More than two years ago, I uploaded an original Young Adult fantasy to Amazon.com as a Kindle title. In the 28 brutally unforgiving months since then, exactly one copy of that unfortunate e-book has been sold worldwide. Somebody in the UK apparently stumbled upon my otherwise overlooked labor of love online and saw fit to part with the pounds-sterling equivalent of its paltry $3.99 price.

That means I’ve earned a not-so-grand total of roughly $2.80, based on a generous 70% royalty rate, for the eight on-and-off years it took me to write the thing.

You might think even the most obscure literary effort would attract at least a few dozen desperate-for-diversion readers from the multitudes of online millions. Because my unacclaimed effort is called “Six Kristens,” you also could be excused for assuming that scores of real-life Kristens (and possibly their parents, grandparents, legal guardians or BFFs) would be sufficiently intrigued to part with less than four lousy bucks based on that tantalizing title alone. Who is this Kristen? Why are there six of her? What are all of them up to?

But, alas, no. Sales didn’t improve when I made a paper-and-ink paperback version available later, either.

Also, none of my own flaky friends or faithless family members decided their lives would be incomplete without owning a copy. And I manfully resisted the urge to put a bigger number than uno on the Amazon tote board by buying up multiple copies myself.

That solitary paid download from across the Atlantic somehow has been sufficient to keep “Six Kristens” pegged at just under the 10,000 mark (and falling) in its genre category at Amazon.co.uk.

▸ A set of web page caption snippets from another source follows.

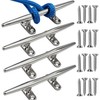 VEITHI Boat Cleats Dock Cleats 8 inch 316 Stainless Steel,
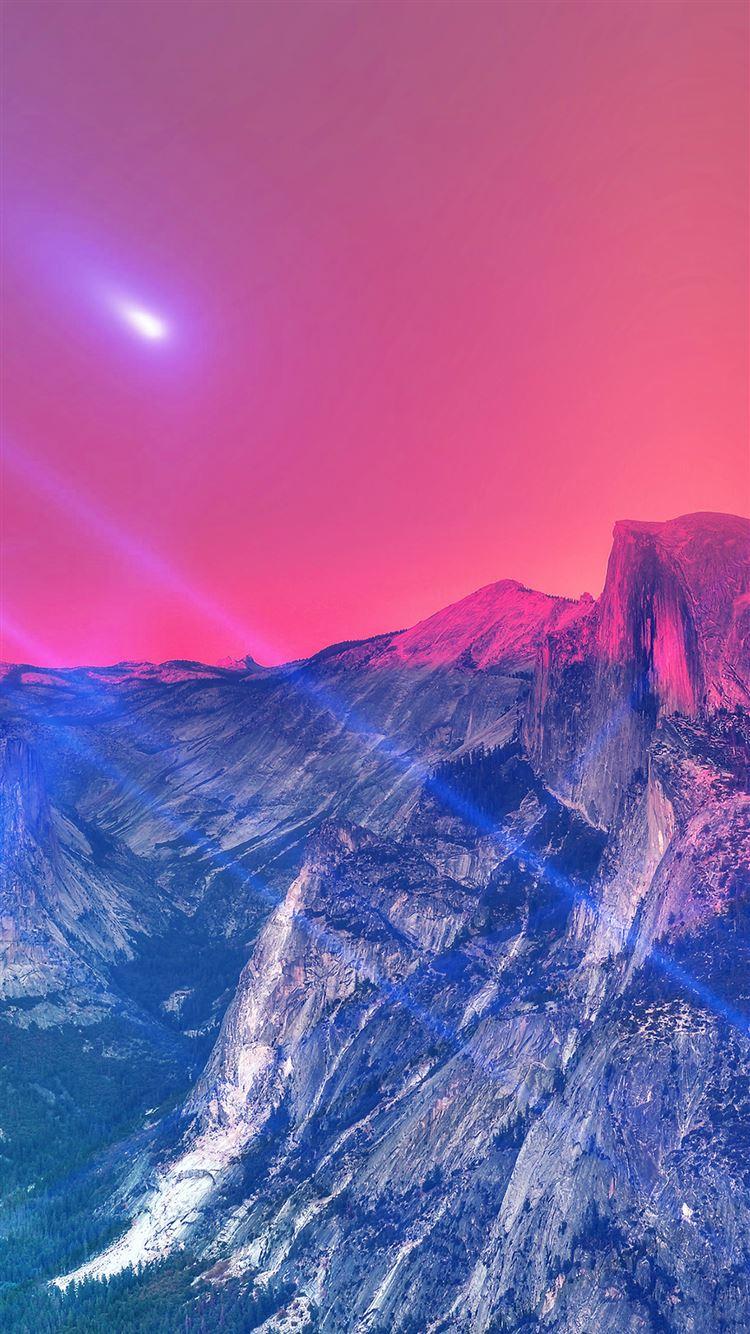 750x1334 Yosemite Mountain Art Blue Flare Sky Nature iPhone 8 Wallpaper Free Download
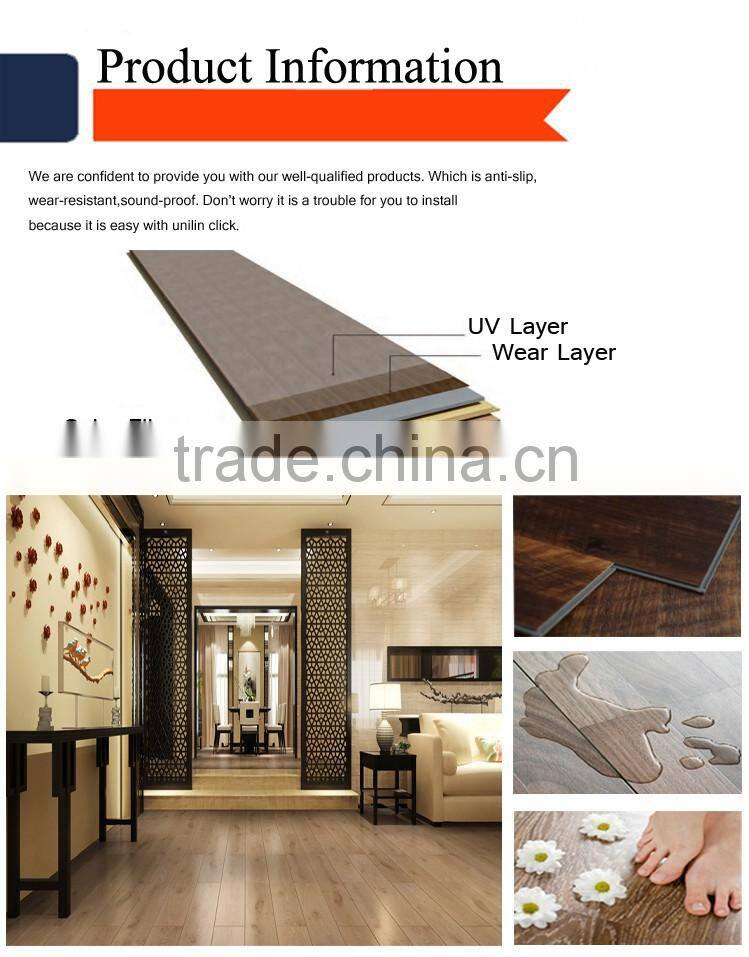 Wood Grain Click Planks Vinyl WPC Flooring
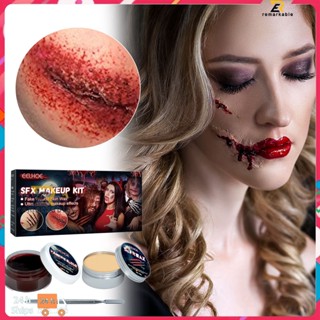 พร้อมส่ง Eelhoe Scar Wax Halloween Carnival Skin Wax Plasma Makeup Sleeve Scar Scarring Horror Atmosphere Party Makeup Prop excellent_th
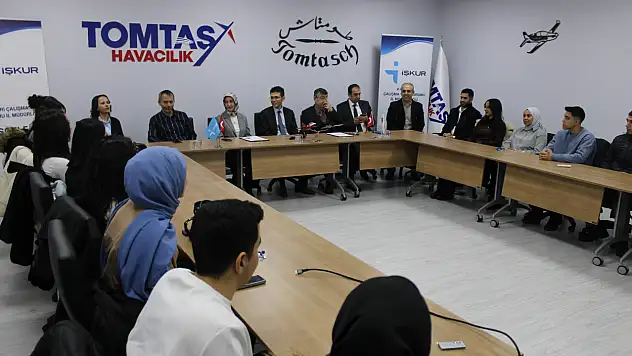 Kayseri'de havacılıkta dikkat çeken hamle: TOMTAŞ 18 genci istihdam edecek!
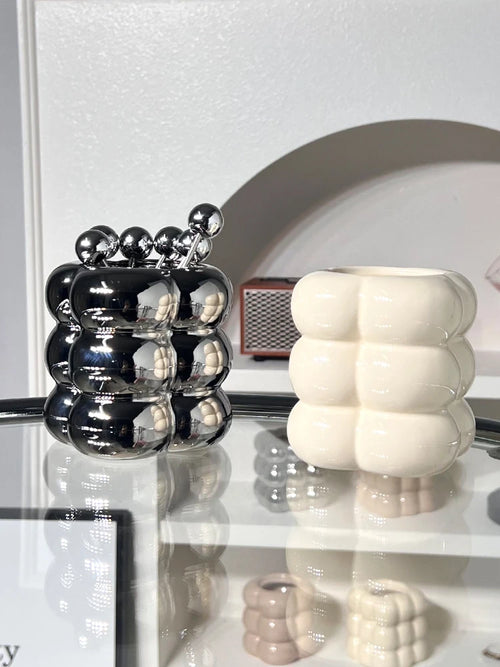 fourchette à fruits en acier inoxydable avec support de rangement - vue 6 sur 12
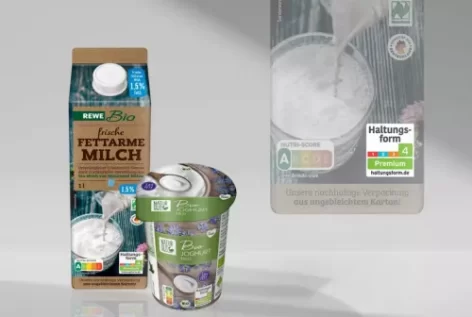 Állattartási címkerendszert vezetett be a REWE tejtermékeinél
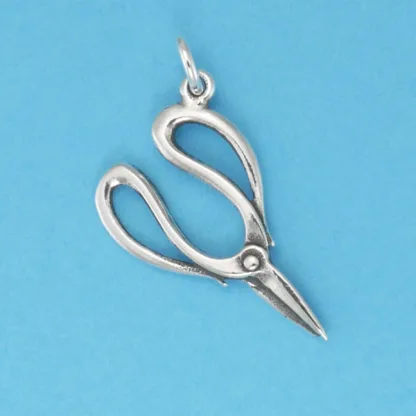 Microsculptures 0827 Flower Snips Silver Charm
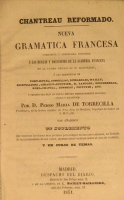Portada de libro Chantreau Reformado. Nueva Gramtica Francesa Compuesta y Arreglada...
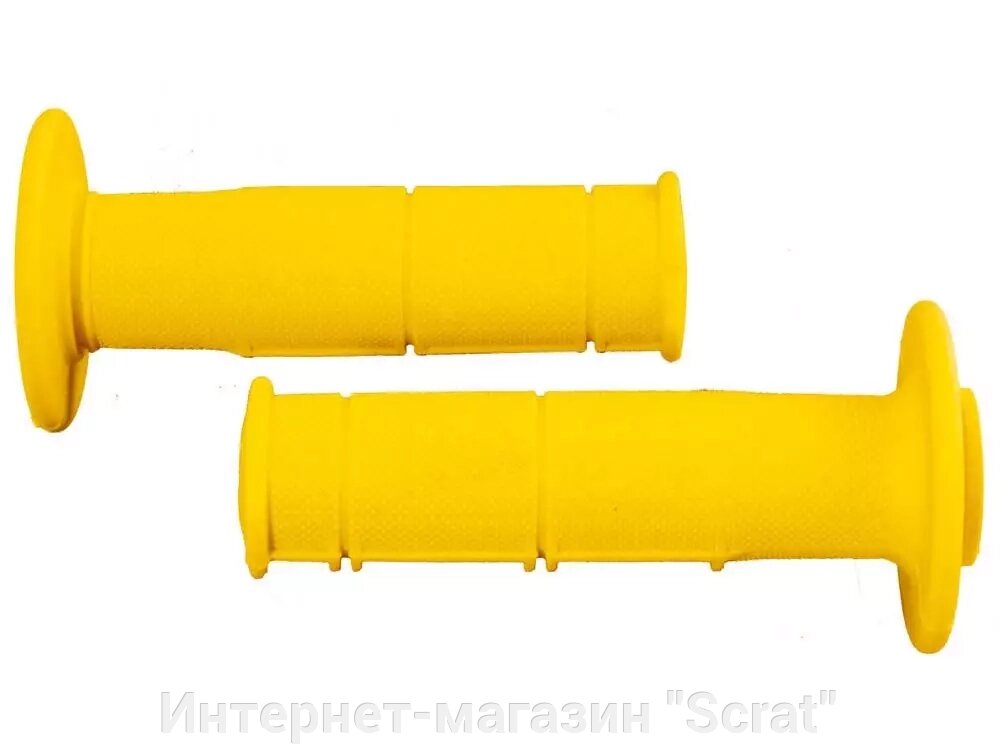 Ручки на руль Soft Grips 115мм желтые от компании Интернет-магазин "Scrat" - фото 1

At all of the company’s other country-specific sites — a list that includes Australia, Brazil, Canada, France, Germany, India, Italy, Japan, Mexico, The Netherlands, Spain and China, in addition to the United States — my utterly ignored opus merits no ranking whatsoever.

Failure on that epic a scale might make some writers seriously reassess their hopes, dreams, skills, self-regard and/or sanity. In the old pre-Internet days, authors who couldn’t interest agents or publishers in a manuscript could tell themselves that only the whims of those misguided gatekeepers kept them from achieving fame, fortune and any number of prestigious awards.

In today’s more egalitarian online marketplace, however, anyone can upload anything from a short story to a multi-volume mega-series without going through any middlemen whatsoever, making their works readily available to the whole wide world.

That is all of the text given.